Not surprisingly, “my family and relationships” always falls in the top two answers. (Health is the other one.)
Interpersonal relationships are clearly vital to our emotional well-being and overall happiness. When something is off in our most important relationships, it impacts everything else in our lives, including our concentration and performance at work.
I vividly recall an instance in a group workshop where I asked the participants to describe how their day-to-day actions reflected how important their relationships were to them. During the 10 minutes I gave the group to self-reflect, one person began to sob uncontrollably and quickly left the room. I quietly slipped out to find him sitting in a chair outside the room and gently asked him if he was okay.
He confided that he was currently going through an unexpected and difficult divorce, and that the question had prodded him to think about how little time he spend nurturing and feeding his most important relationship. The question had hit a nerve about the gap in what he said was most important and his own day-to-day actions.
Most of us intend to have positive, connected, and nourishing relationships.
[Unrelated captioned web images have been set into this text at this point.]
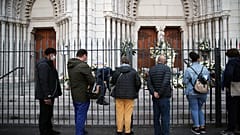" Hay que castigar" dice un cura ante la iglesia donde fueron asesinadas tres personas 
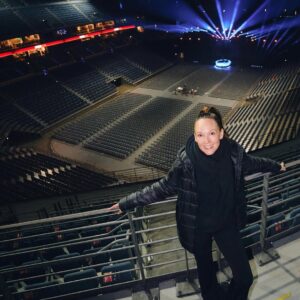 Carolin Kebekus Instagram - KÖLLE ❤️ 

#köln #carolinkebekus #shesuslovesyou #comedy #comedyshow 

📸 @hallomarvin @lanxessarena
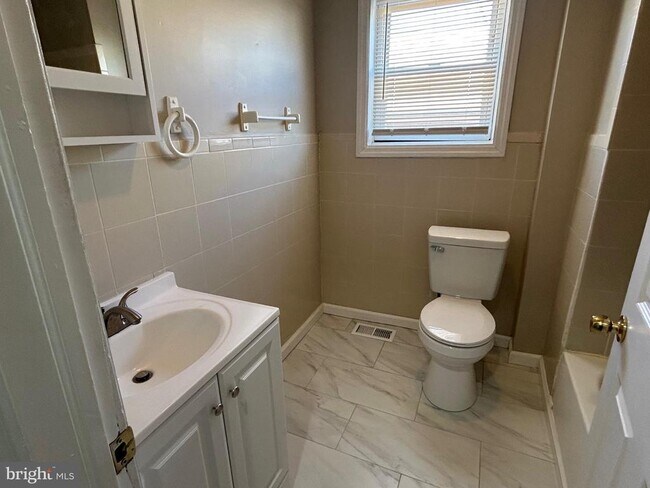 Photo - 47 Hanover St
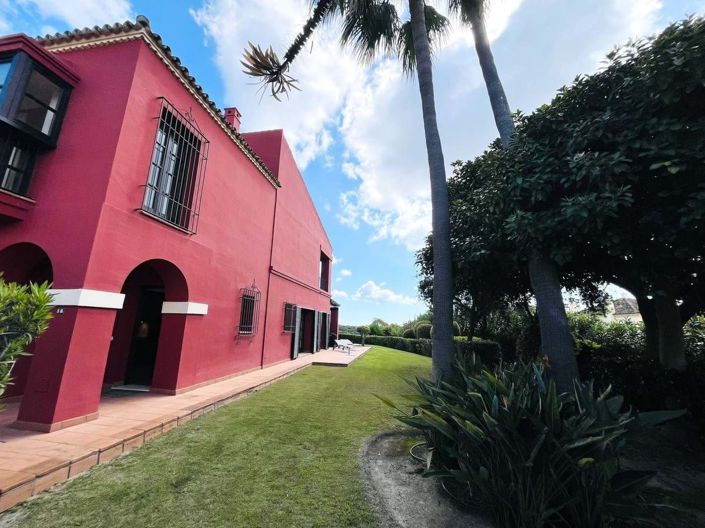 Image No.9-2 Bed Villa for sale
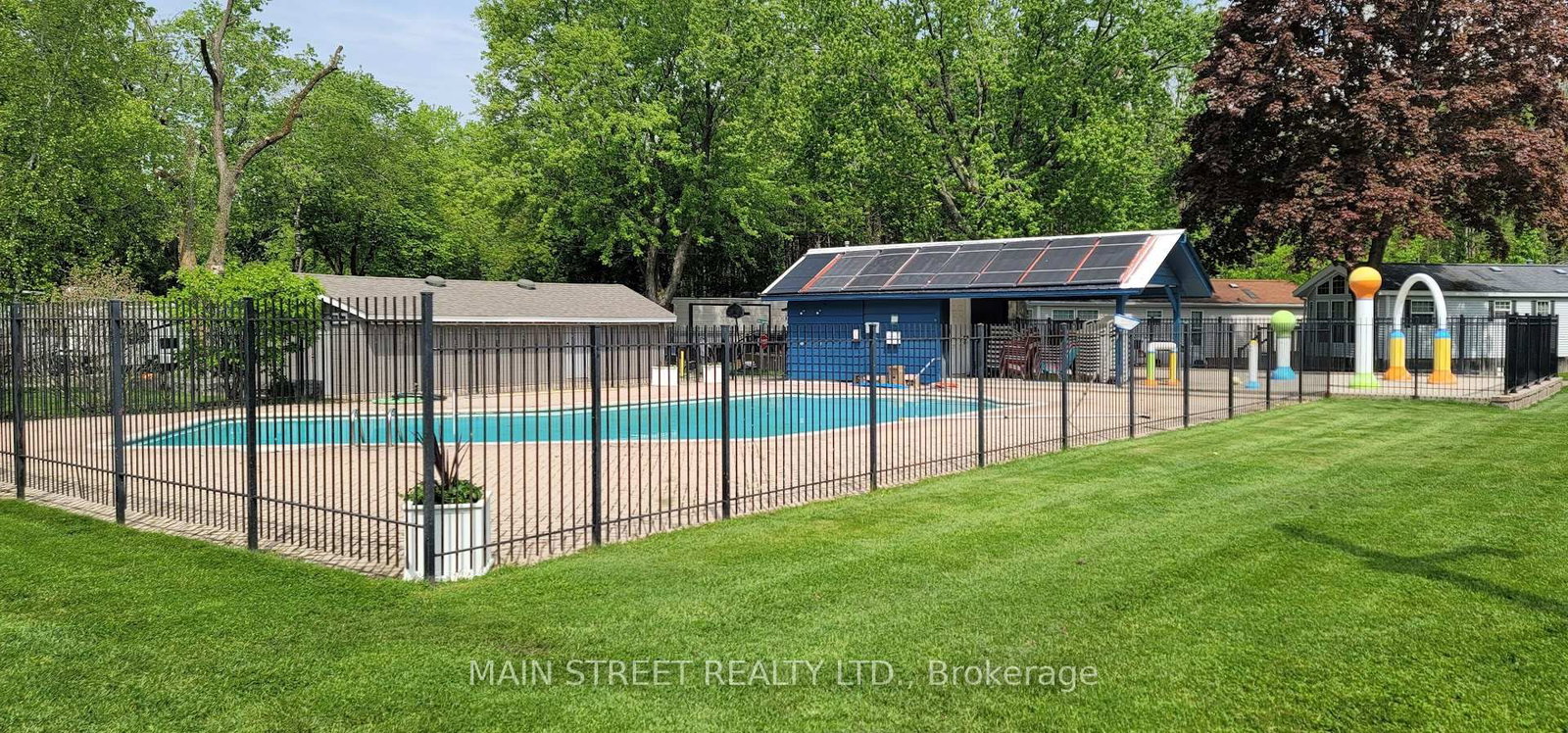 15 Hawaiian Circle • Whitchurch-Stouffville, ON photo 32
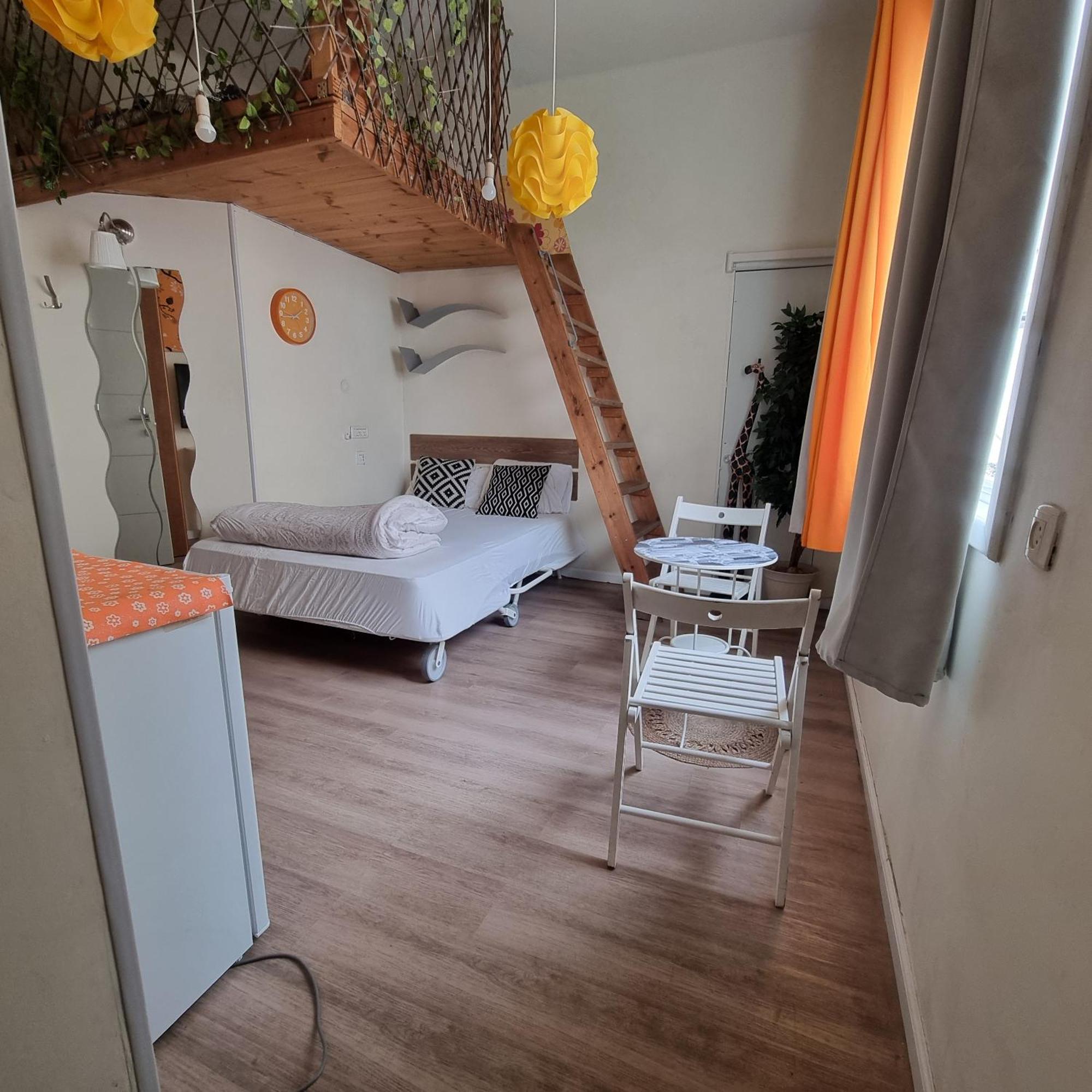 Bugrashov 13 Room Tel Aviv Esterno foto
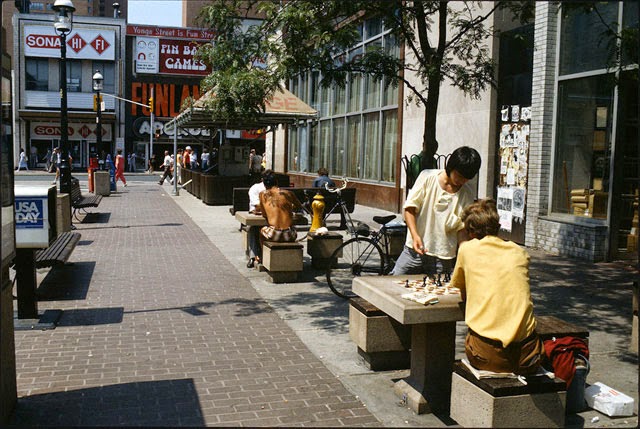 Yonge Street, Toronto in the 1970s (8)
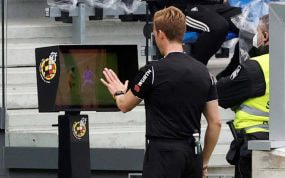 El VAR en un partido entre la Real Sociedad y el Cádiz.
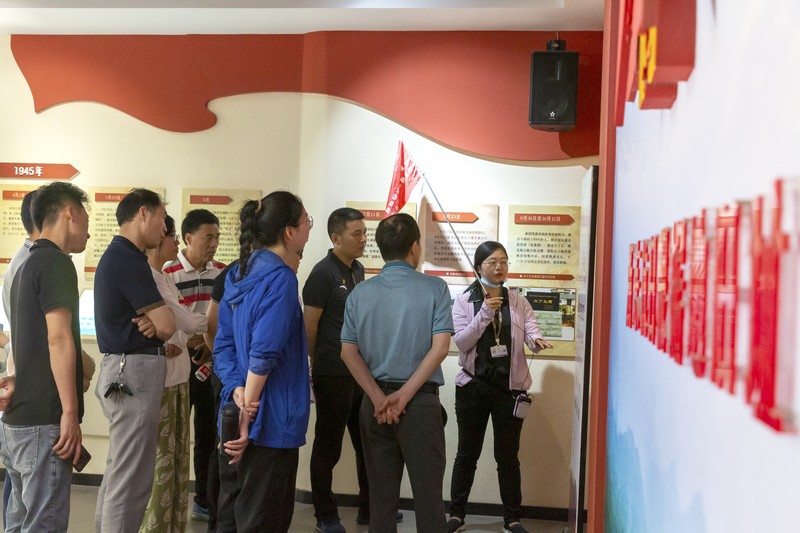 內(nèi)文1.jpg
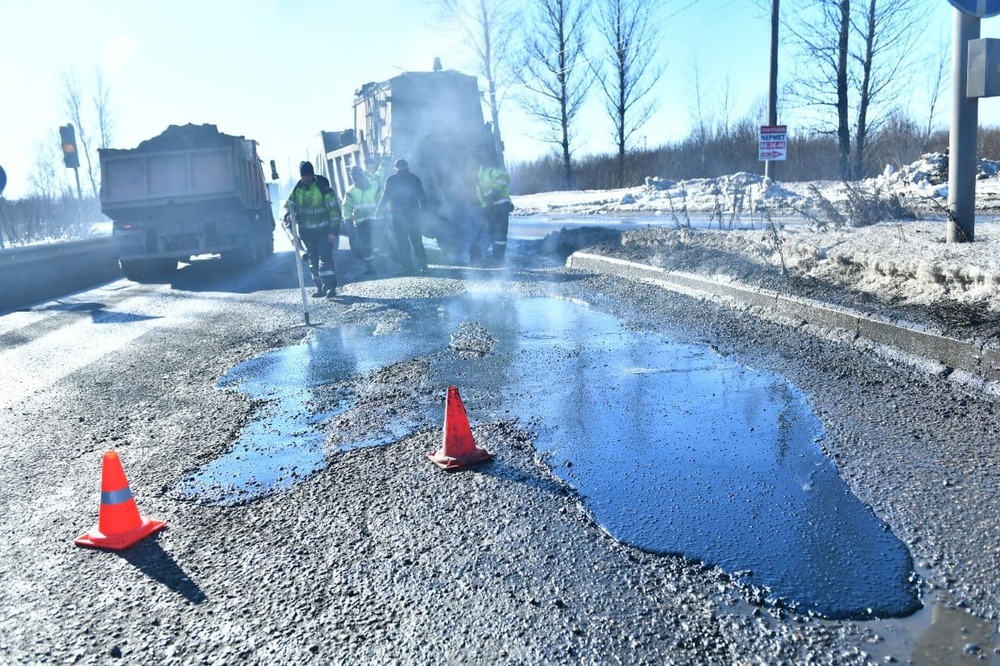 В Ярославле начался ямочный ремонт Суринского путепровода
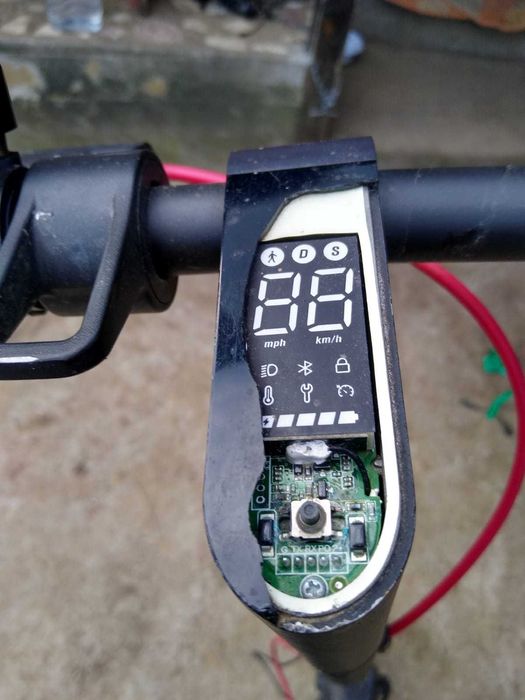 Trotinetă electrică ieftină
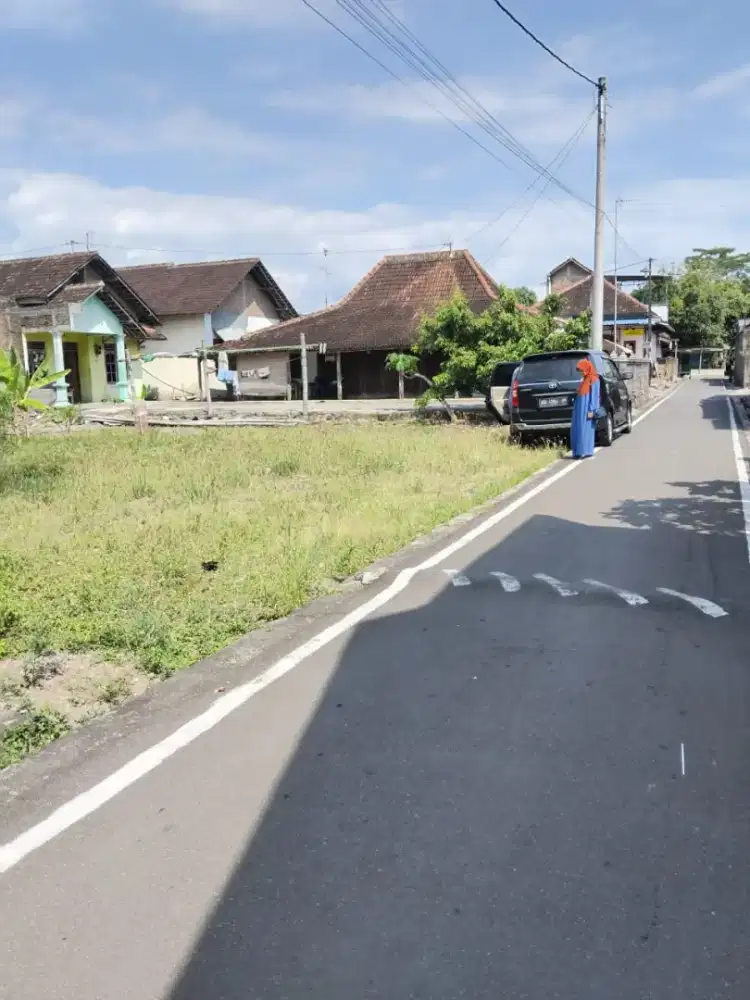 Tanah dijual di Nguter Sukoharjo 225m2 LD 8m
Yet our daily responsibilities, routines, and distractions often cause our day-to-day actions to neglect the feeding those relationships need to stay healthy and nourished.
A gap begins to grow between what we say is most important to us, and the actual actions we exhibit each day. There is a misalignment between our intentions and the actual impact of our daily choices. Interpersonal relationships are comprised of a series of interactions with another person. Positive interactions over time provide deposits in an emotional bank account. Negative interactions constitute withdrawals. If the bank account is full and constantly replenished, it is easier to weather difficult times in the relationship.
So if you espouse that relationships are most important to you — and you intend to have positive, nourishing relationships, how can you keep your daily actions aligned to match that intention? What daily deposits can you make to your relationship accounts? Taking the time to be even just a bit more conscious of your day-to day actions can go a long way in all your relationships — both at home and at work.
Here are three practices to adapt daily to the care and feeding of your relationships with others:
1. Acknowledge your appreciation and admiration–out loud
Familiarity is a double-edged sword in all relationships. When you know someone well and you rely on them, it is easy to assume that they already know what you think of them and how much you appreciate the things they do. Or how much you actually admire their talents, skills, or character. Assume that they don’t. Take the time to dial into and notice the little things the person does daily. When they do something you appreciate, tell them. When you notice something you like about them — tell them. Notice and appreciate. Every day. This practice, when sincere of course, is transformational.
2. Be interested and fully present
Be honest, how often are you distracted when someone is talking to you. Are you guilty of the “uh-huh” head nodding while the person is talking as you scroll through your phone or do whatever else you are doing? While you probably can listen to someone and do something else at the same time — the reality is that you are fooling no-one. Real, intense listening and interest requires your full presence and attention. Stop what you are doing and give your full focus and eye contact and attention to the other person.
3. Do what you say you will do
Relationships are built on trust. Trusting someone implies that you can rely on them. Keeping and following through on commitments and doing what you say you will do over time helps build that trust. Do you keep your commitments to others? Over time, the answer to that question will be a key indicator of whether people trust you or not — and if they don’t — your relationships will surely suffer.
We all seem to agree that relationships are of paramount importance to us.
It is up to us to make sure that our daily actions reflect that fact.